Montana’s Indian Wars can mostly be condensed into three major arenas: The Blackfeet Wars of northwestern Montana, the Nez Perce’s 1,170-mile march from eastern Oregon to 40 miles from Canada, and the well-chronicled Sioux/Northern Cheyenne battles led by chiefs Sitting Bull, Crazy Horse, Dull Knife, Two Moons and others against the likes of Custer, Miles, Howard, Terry and fellow cavalry leaders whose names now are fixtures in eastern Montana maps as towns, parks and other landmarks.

Some, such as Little Bighorn and the Battle of the Big Hole (Nez Perce) site near Wisdom, are tourist-beckoning areas operated by the Park Service. Visitors can easily spend hours wandering those landscapes, picturing where the soldiers and warriors stood – and fell.

Others, including Rosebud Battlefield State Park near Busby and Bear Paw Battlefield south of Chinook, have far fewer amenities while still offering gripping snapshots of frontier history through trails and markers in country that remains largely unchanged.

In most cases, skirmishes are all but lost to the dustbin of history, their memories kept alive only by lonely stone plaques and markers -- or nothing at all -- on private lands where only the owner's care maintains the landscape's integrity.

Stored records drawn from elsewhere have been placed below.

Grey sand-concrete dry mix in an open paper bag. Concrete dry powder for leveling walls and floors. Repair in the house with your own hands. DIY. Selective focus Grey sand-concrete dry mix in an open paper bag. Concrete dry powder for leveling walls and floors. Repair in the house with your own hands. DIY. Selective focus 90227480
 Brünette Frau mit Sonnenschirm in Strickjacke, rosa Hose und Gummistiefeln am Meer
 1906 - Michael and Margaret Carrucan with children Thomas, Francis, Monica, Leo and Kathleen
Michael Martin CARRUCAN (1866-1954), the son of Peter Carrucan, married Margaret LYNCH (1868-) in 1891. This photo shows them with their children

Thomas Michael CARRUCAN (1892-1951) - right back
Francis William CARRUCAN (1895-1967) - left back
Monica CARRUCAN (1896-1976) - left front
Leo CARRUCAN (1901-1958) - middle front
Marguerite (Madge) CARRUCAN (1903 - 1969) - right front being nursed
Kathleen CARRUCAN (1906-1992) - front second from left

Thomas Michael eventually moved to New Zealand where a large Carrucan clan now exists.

At least a half-dozen Sioux, Northern Cheyenne and Crow battlefields of varying renown are within a tomahawk's throw of the state’s so-called “Warrior Trail” – U.S. Highway 212 from Crow Agency through Busby, Lame Deer and Ashland to the state’s southeast corner at Broadus. Ironically, the battle signifying the end of the Great Sioux War of 1876, at Wolf Mountain (or Belly Butte), is marked only by a sign creaking in the wind and a stone National Historic Landmark behind a barbed-wire fence along a remote, dusty backroad.

In each case, if you tread lightly and listen as the wind rustles through the grass and sage, you can almost hear bullets flying, warriors and soldiers shouting, and the wailing of Indian women and children as they flee in their final gasps of freedom.